Description of the proposed method
In this paper, we apply it to anomaly detection in IoT and edge computing instead of images, and instead of multi-layered sequential kNNs, we use a single policy network to directly output the appropriate model according to the situation information, and handle multiple models in distributed computing with reinforcement learning.
overall configuration
Fig. 1 shows the overall structure of adaptive anomaly detection, which consists of three flows: 1) training of anomaly detection model (black solid line), 2) training of policy network (purple line), and 3) online adaptive detection (orange line). Up to data preprocessing is commonly performed.
In the first flow, we train a multivariate anomaly detection model. The second flow determines the score and threshold for anomaly detection. In the third flow, we train the policy network. It selects the best anomaly detection model according to the context of the input. Finally, in the online adaptive detection phase, the IoT implementing the trained policy network selects the appropriate anomaly detection model during execution.
Multiple Anomaly Detection in Hierarchical Edge Computing (HEC)
We assume a distributed stacked edge computing system (HEC) with k layers.

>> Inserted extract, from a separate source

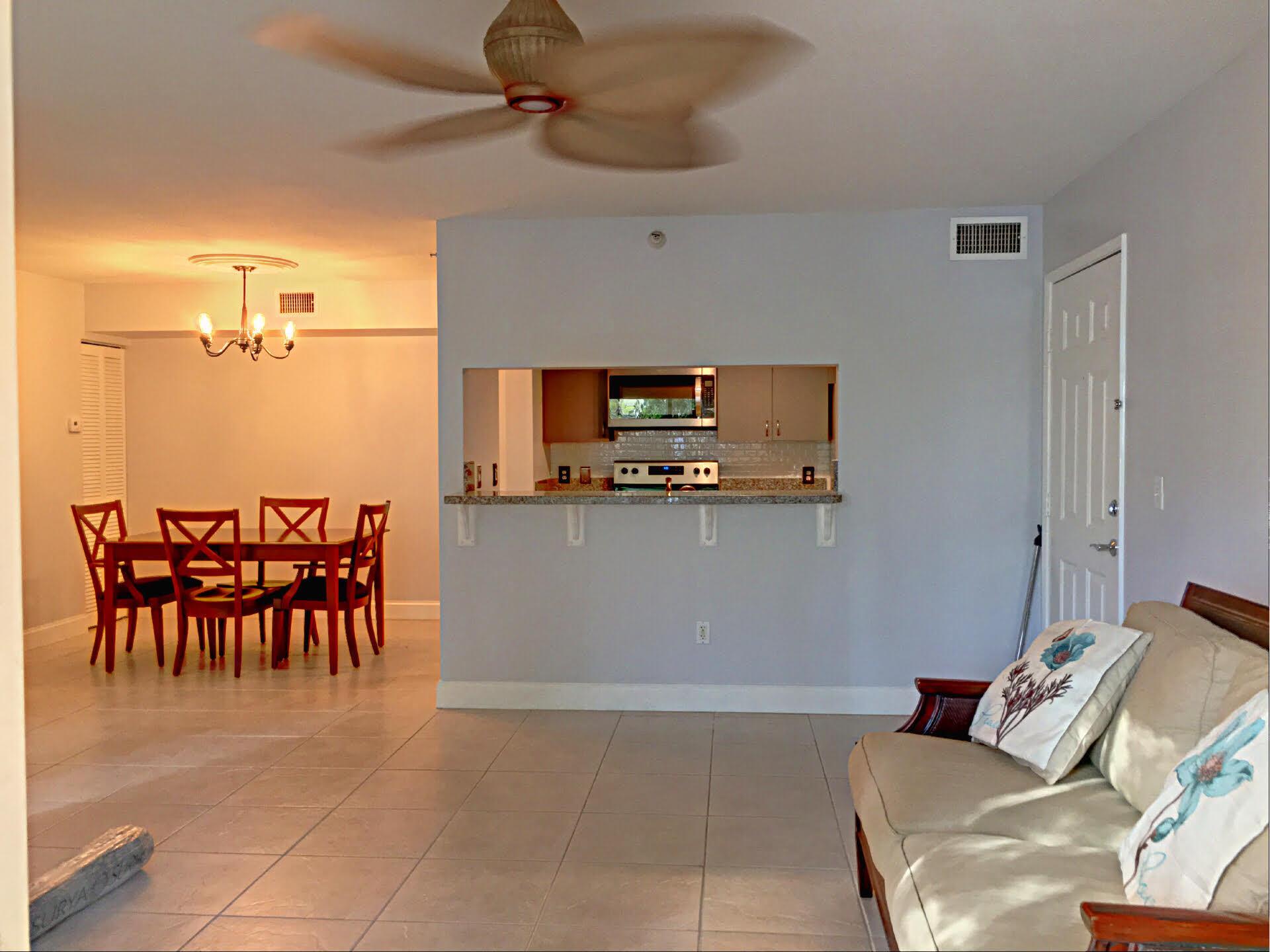 160 Yacht Club Way 210, Hypoluxo, FL 33462, Hypoluxo - Photo 4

The first layer is the IoT device, the second to k-1 layers are the edge servers, and the k layers are the cloud.
Univariate anomaly detection model
For univariate IoT data, autoencoder is applied. The number of hidden layers increases with the upper layers.
Multivariate anomaly detection model
For multivariate data, we use LSTM-based Sequence-to-sequence model. After all, the model becomes more complex towards the upper layers, and in the cloud, we use bidirectional LSTM-based seq2seq.
Dissimilarity Score
After training, the restoration error produces small values for normal values and large values for abnormal values. In general, the recovery error follows a Gaussian distribution, and the log probability distribution (logPD) of the recovery error is used as the anomaly score. Normal values show high logPD and abnormal values show low logPD. The minimum logPD of the normal data set is used as the threshold of the anomaly detection.
Adaptive model selection scheme
We propose an adaptive model selection scheme that selects the best anomaly detection model depending on the context of the input data so that each data is processed at the appropriate layer among the layers (IoT, edge, and cloud). The data is first input to the IoT device and then forwarded upwards to the appropriate layer.
We use a contextual-bandit model where the policy is determined in response to a reward, and the reward includes the accuracy and the cost of data transfer. To reduce the learning time, we perform mini-batch processing, training on N input contexts at a time. To prevent overtraining, we add an L2 regularization term to the loss function. For the balance between search and exploitation, we use the decayed-$\epsilon$-greedy algorithm.
Implementation and Experiment
data set
We use the UC Riverside time series dataset of electricity consumption for one year from a Dutch research institute and the UC Irvine multivariate MHEALTH data. The former is also available as a further updated database.